Aircraft manufacturers try to keep secret actual purchase prices, because they don’t want to broadcast to all potential buyers how much of a discount they’ll really give. Plus big numbers make for great press releases. At the same time it’s hardly a secret that no one pays list.
Boeing Factory
Here’s the reported values of the Boeing and Airbus order books, using a current value of 1 Euro = 1.17 dollars to convert the Airbus valuations.
New IFRS-15 will require Airbus to use actual sales prices for valuing its order book, not list prices, something Boeing does already. That should cut the reported value of Airbus’ order book in half.
In its annual report, Airbus trumpeted 6,900 commercial aircraft in its backlog worth a cool €1 trillion euros ($1.2 trillion) at catalog prices. In contrast, Boeing valued its more than 5,700 commercial jet orders at about $416 billion. The discrepancy is explained by Boeing’s book-keeping. The U.S. company uses the actual prices customers agreed to pay. Airbus uses prices it wishes they’d paid.

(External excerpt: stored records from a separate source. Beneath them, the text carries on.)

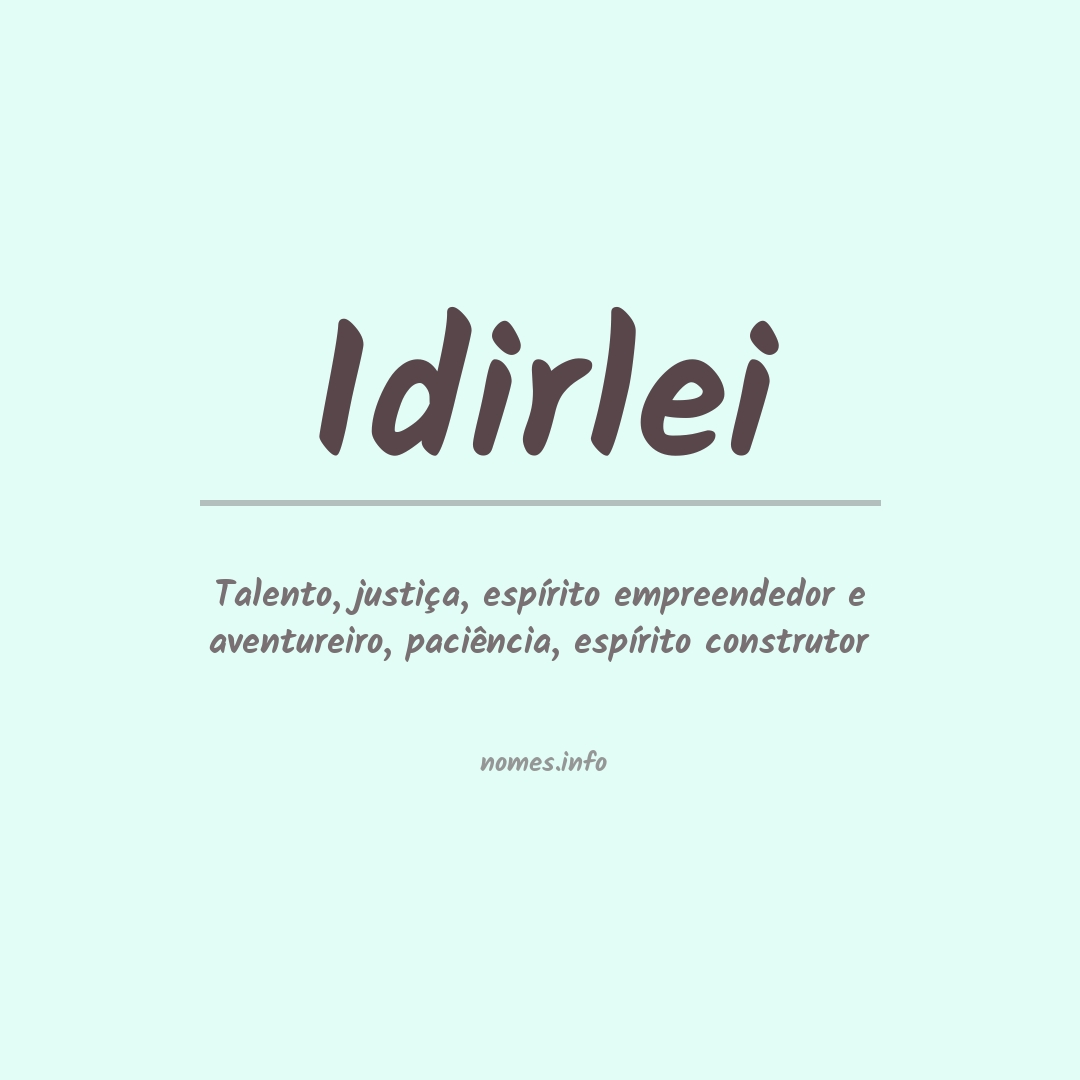 Significado do nome Idirlei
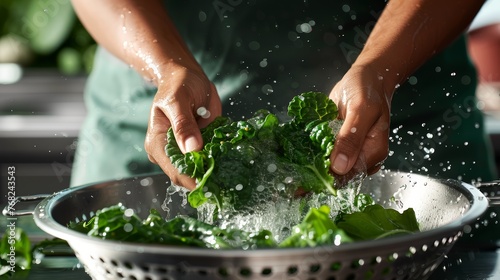Rinsing fresh spinach leaves in a colander under running water. Kitchen action shot with dynamic water spray.
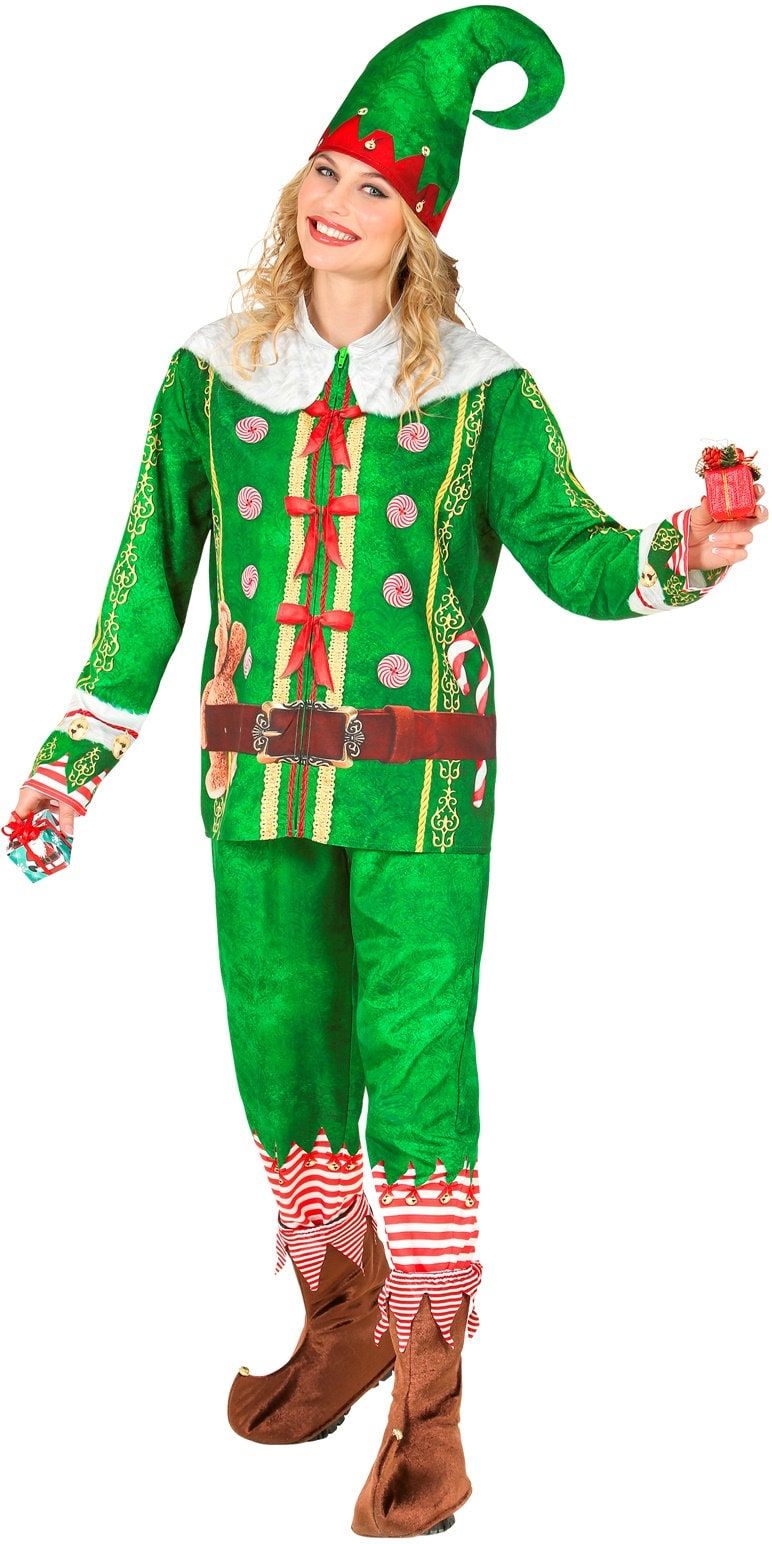 Elf Kostuum Kerstmis Groen Vrouwen Mannen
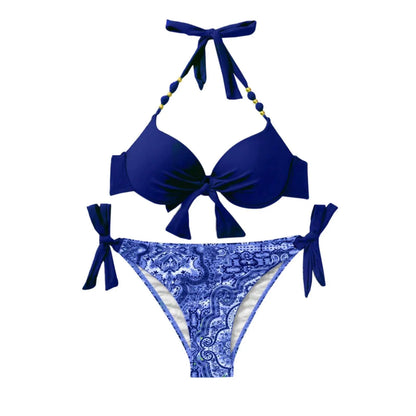 Strap Split Bikini Set - Two-Piece Swimsuit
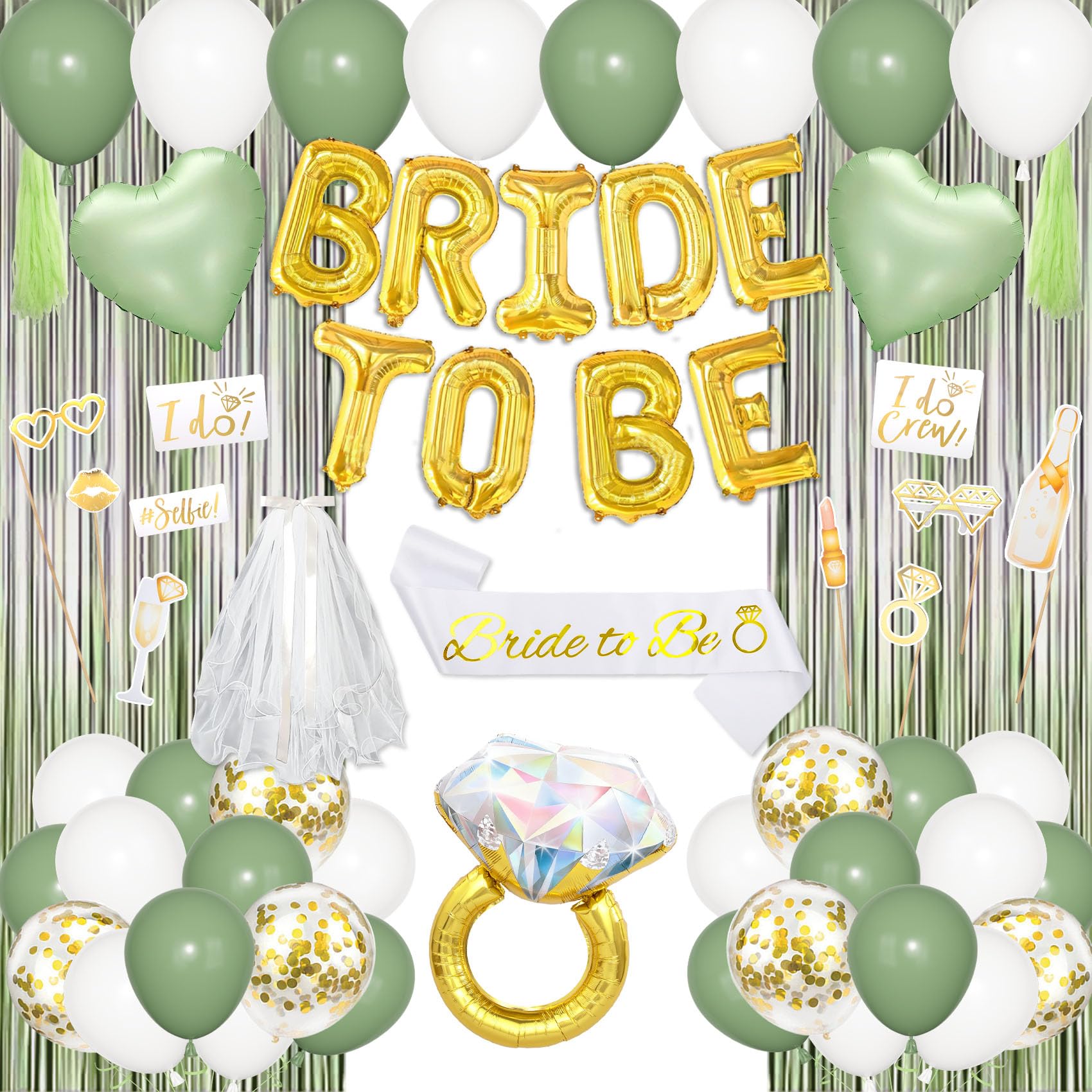 Amandir Bachelorette Party Decorations Supplies, Sage Green Bridal Shower Decorations Foil Ring Bride To Be Sash Veil, White Gold Confetti Heart Balloons Photo Booth Props Fringe Curtains Paper Tassel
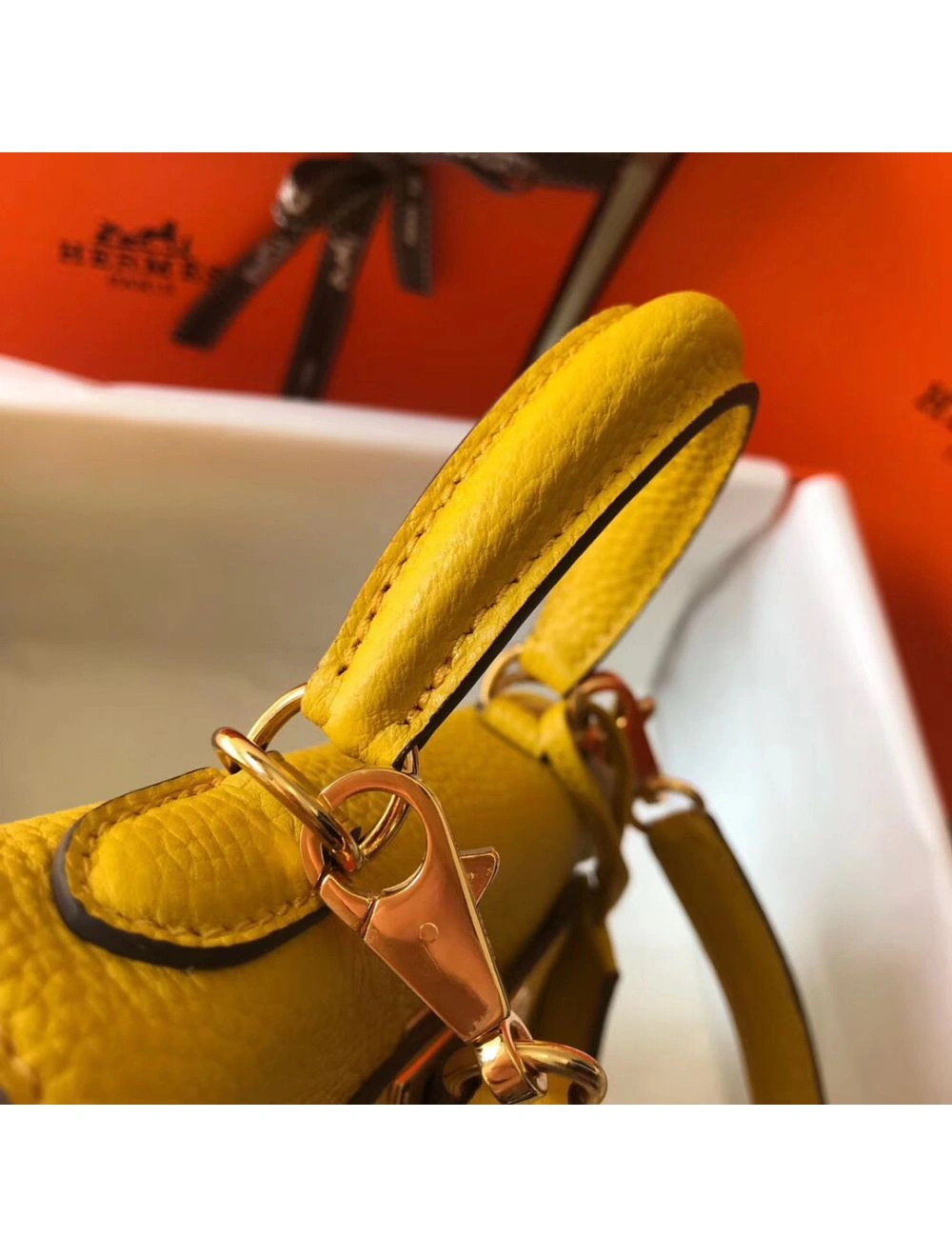 Hermes Kelly 20cm Bag In Yellow Clemence Leather GHW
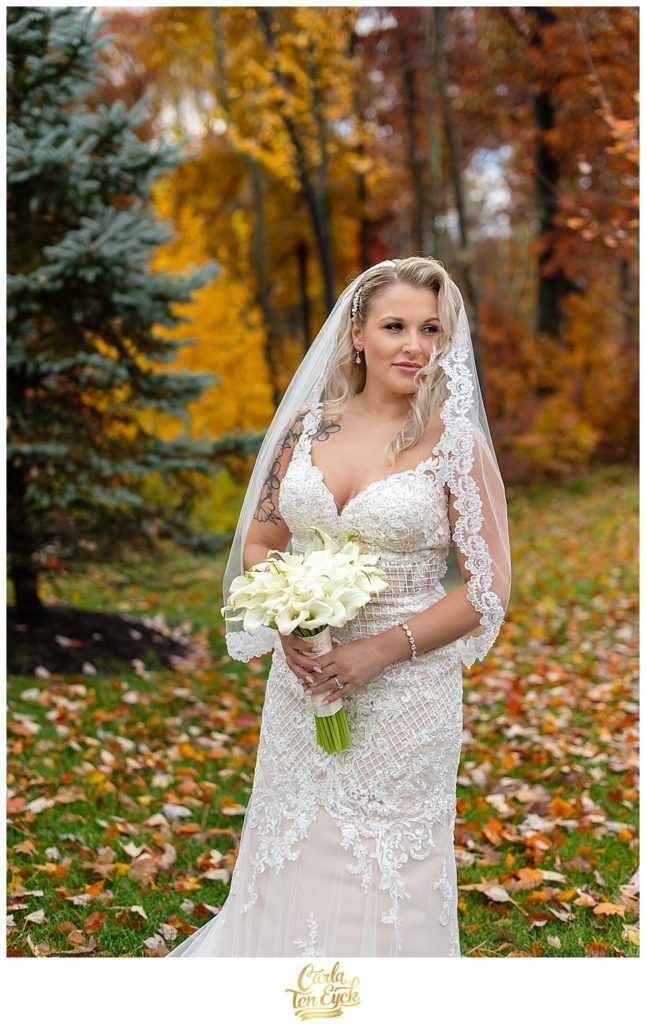 Bride in Stella York wedding gown at her CT autumn wedding at Aria in Prospect CT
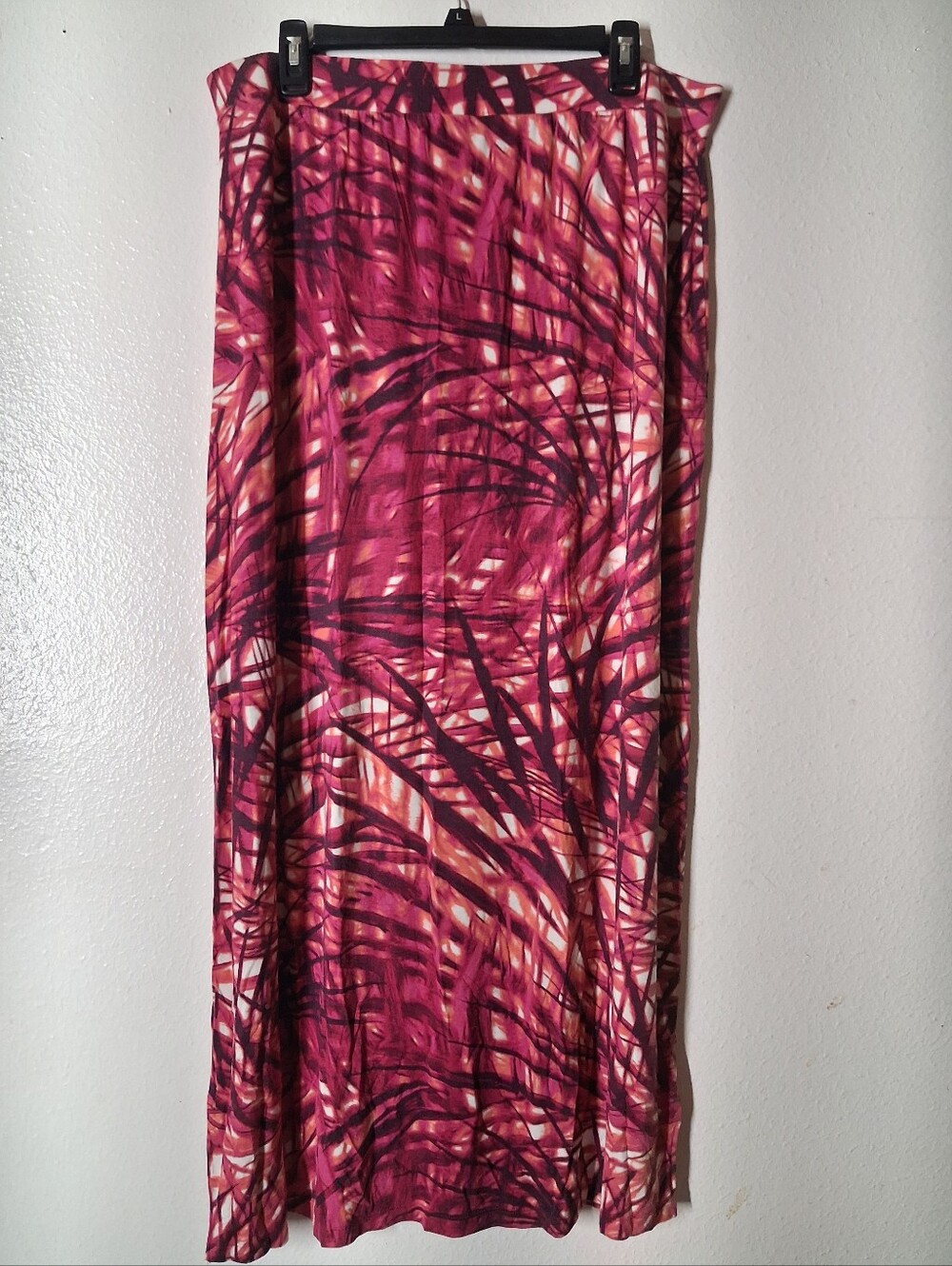Apt. 9 Women’s XL Pink Abstract Print Maxi Skirt Side Slit Flowy Lightweigh - Picture 4 of 5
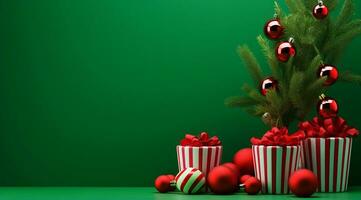 3d reso Natale albero ornato con i regali sfondo ai generativo foto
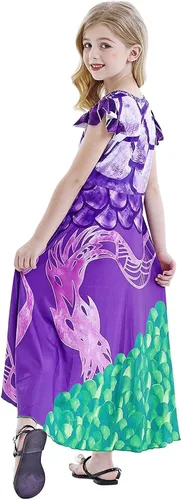 Vista 3 de AmzBarley Disfraz de Mal para niñas, fiesta de Halloween, cosplay, disfraz, juego de rol de dragón, vestido de manga con aleteo para niños de 3 a 10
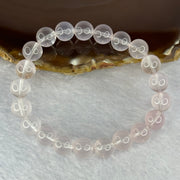Natural Rose Quartz Beads Bracelet 天然玫瑰石英珠手链 23.44g 16.5cm 9.4mm 21 Beads - Huangs Jadeite and Jewelry Pte Ltd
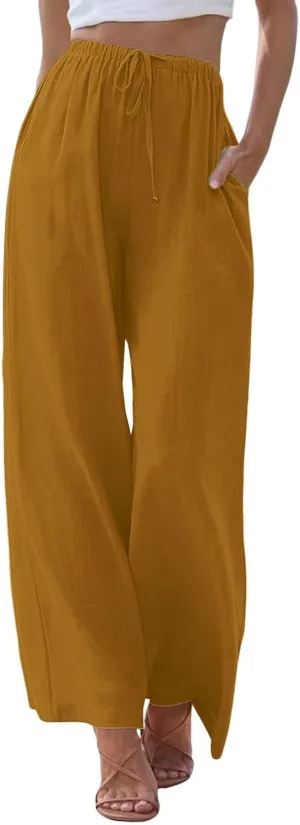 Women's Cotton Linen Pants Baggy Cool Lightweight Summer Hiking Lounge Pants Solid Color Drawstring Wide Leg Trousers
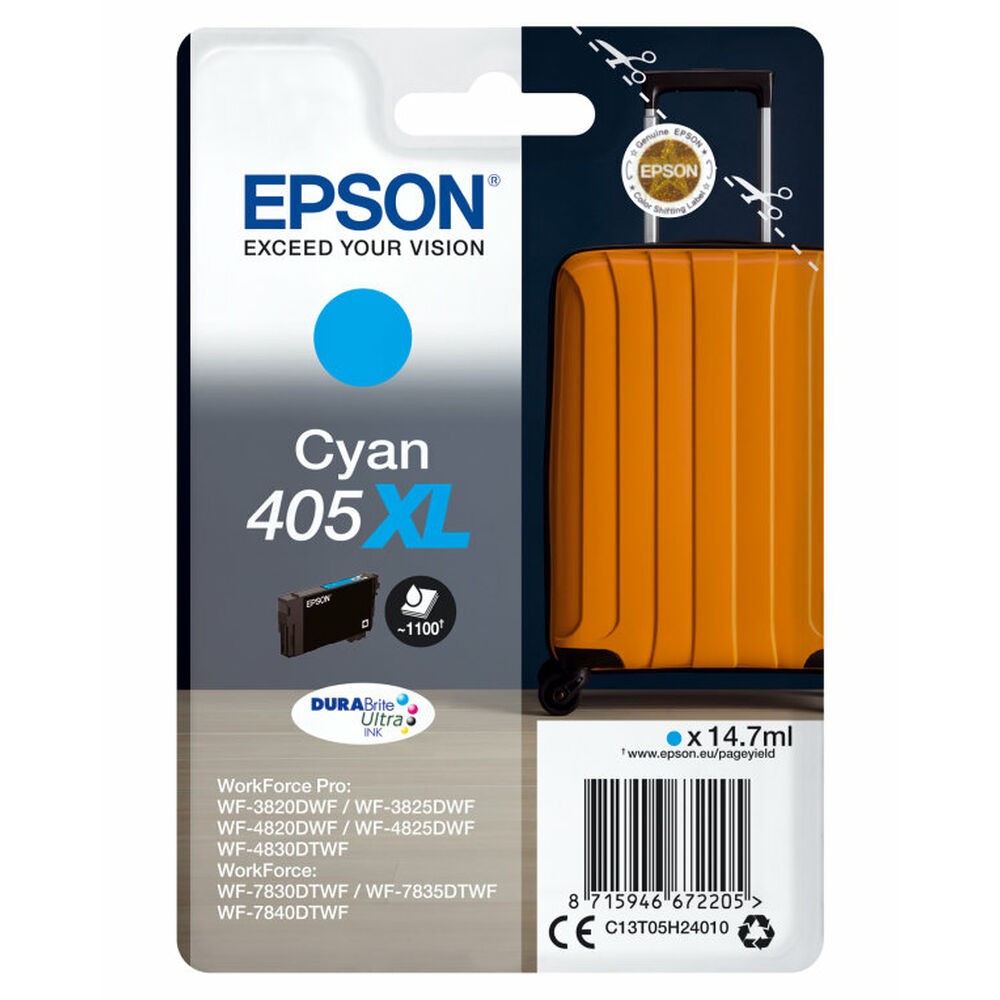 Original Ink Cartridge Epson 405XL DURABrite Ultra Ink Cyan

Legacy American Airlines Airbus A319
There won’t be a change from these rules on the number of aircraft reportedly sold. And there won’t be a change to the actual cashflow those orders generate. The change will be to how Airbus reports the value of those future orders. It’s effective with annual reporting periods beginning on or after January 1, 2018.
New accounting rules go into effect for frequent flyer programs January 1, too.
Who cares?
I do care. As an aviation geek and current Boeing employee of 10 years. But most of readers will not care.
The metric that should count is profit.It is kind of cool to deliver a couple of 380’s but they don’t really add any profit at all.
@K who clicks on a link, reads an article, then takes the time to comment on a subject they don’t care about? Strange.
Even discounting their figure by 50% might not be enough, as some of the orders will likely never be filled. I’m wondering if part of these more strict revenue recognition rules will require them to account for this.
So people have been comparing apples to oranges all this time? What’s the use of using this metric, then?